Schon die Propheten Jesaja, Joel, Daniel, Sacharja usw. haben sich mit diesen ungeheuren Scharen beschäftigt, und der Geist Gottes redet von der großen Drangsal Jakobs und von dem Tag des Grimmes und Zornes Gottes gegen das abtrünnige Israel und die aufrührerischen Nationen. Der bittere Hass, den wir schon heute zwischen Arabern und Juden sehen, lässt uns den Kampf kommender Tage um den Besitz Israels ahnen. Vergessen wir auch nicht, dass Juden und Araber Brudervölker sind, beide sind Semiten, und das Heilige Land birgt die Heiligtümer dreier Religionen. Darum ist es naheliegend, dass Satan keinerlei Interesse daran hat, Christus in Jerusalem regieren zu lassen. Er mobilisiert die Höllengeister, denen ja in jener Zeitperiode für kurze Zeit Raum gelassen wird, um mit aller Macht diese Völker in giftigem, blindwütendem Hass aufeinanderzuhetzen und Herz und Gewissen hart wie Panzer zu machen. Die Köpfe der Pferde sind wie Löwenköpfe, was auf ein imperialistisches Heer schließen lässt, ihrem Maul entströmt das Gift der Hölle.
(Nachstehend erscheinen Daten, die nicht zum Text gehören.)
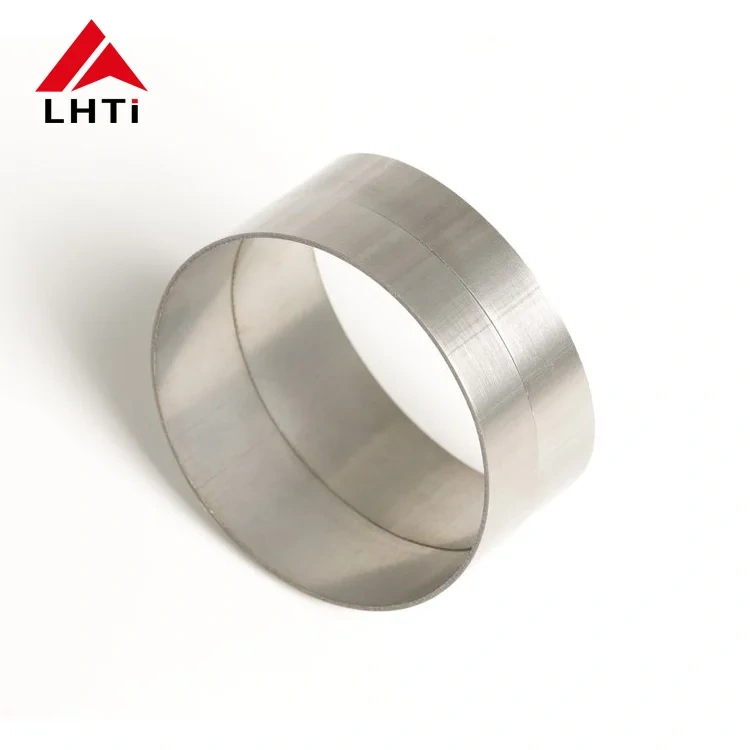 3" titanium pie cuts 76mm 9 degree 1mm 0.039" Wall including 5 Pack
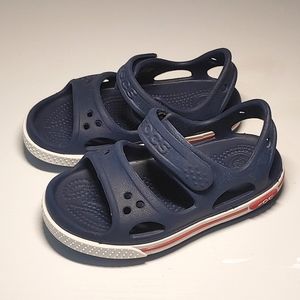 Crocs Unisex Toddler Crocband II Sandal Lightweight C6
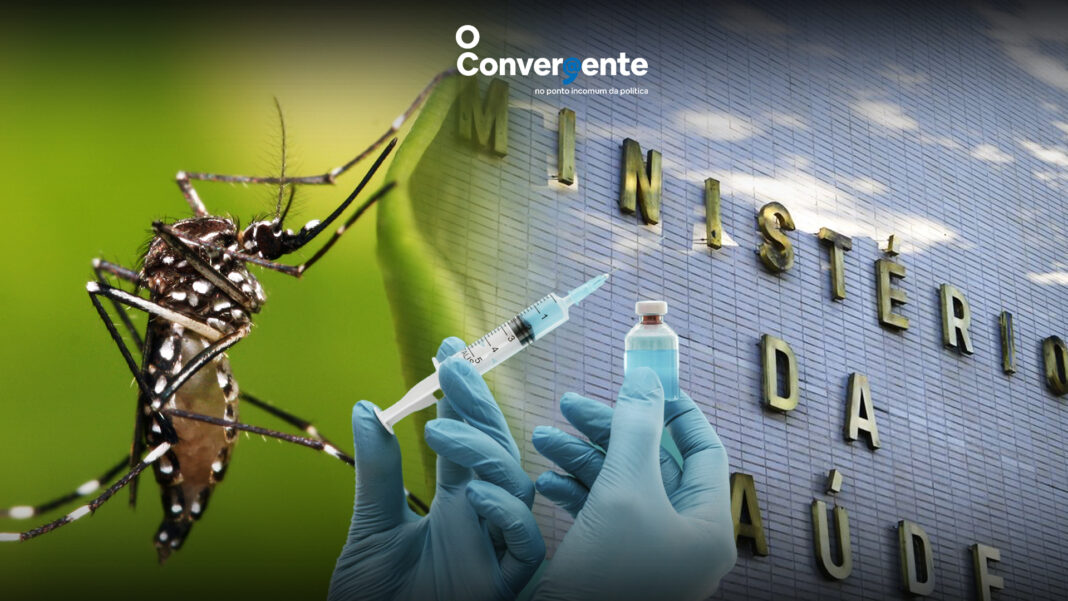 Dengue, Municípios, Vacinanção,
Ein Drittel der Menschen kommt durch die moralische Vergiftung und Bosheit und Hinterlist der Schlange, durch dieses Wüten des Abgrundes, um.
„Und die Übrigen der Menschen, die durch diese Plagen nicht getötet wurden, taten nicht Buße von den Werken ihrer Hände, dass sie nicht anbeteten die Dämonen und die goldenen und die silbernen und die kupfernen und die steinernen und die hölzernen Götzenbilder, die weder sehen noch hören noch gehen können. Und sie taten nicht Buße von ihren Mordtaten noch von ihren Zaubereien noch von ihrer Hurerei noch von ihren Diebstählen“ (9,20.21).
Wie verhärtet ist das Herz des Menschen! Gott lässt ein Gericht nach dem anderen kommen, eine Zuchtrute löst die andere ab, alles umsonst! Der Mensch will nicht Buße tun. Ein alter Ausleger schreibt mit Recht: „Man stelle den Menschen an den Rand der Hölle, man zeige ihm die Qual derer, die vergebens nach einem Wassertropfen lechzen, um die brennende Zunge zu kühlen, er wird nicht Buße tun!“ Aber die Anbetung der Dämonen, Götzendienst, Mordtaten, Diebstähle, Unsittlichkeit, kurzum moralisches Verderben, das charakterisiert den Menschen heute, und in völliger Reife am Ende der Tage.
Abschließend wollen wir noch bemerken, dass das „erste Wehe“ uns nach Kanaan führt, wo alle die, die nicht versiegelt sind, ihr Gericht erleben, während das „zweite Wehe“ mehr das Römische Weltreich zum Gegenstand des Gerichtes hat. In allem stellen wir fest, dass Christus und seine Heiligen auf der ganzen Linie Sieger bleiben, Satan und sein dämonisches Heer wird keinerlei Erfolg bewirken, ihre Ohnmacht ist, trotz allem Wüten, offenbar.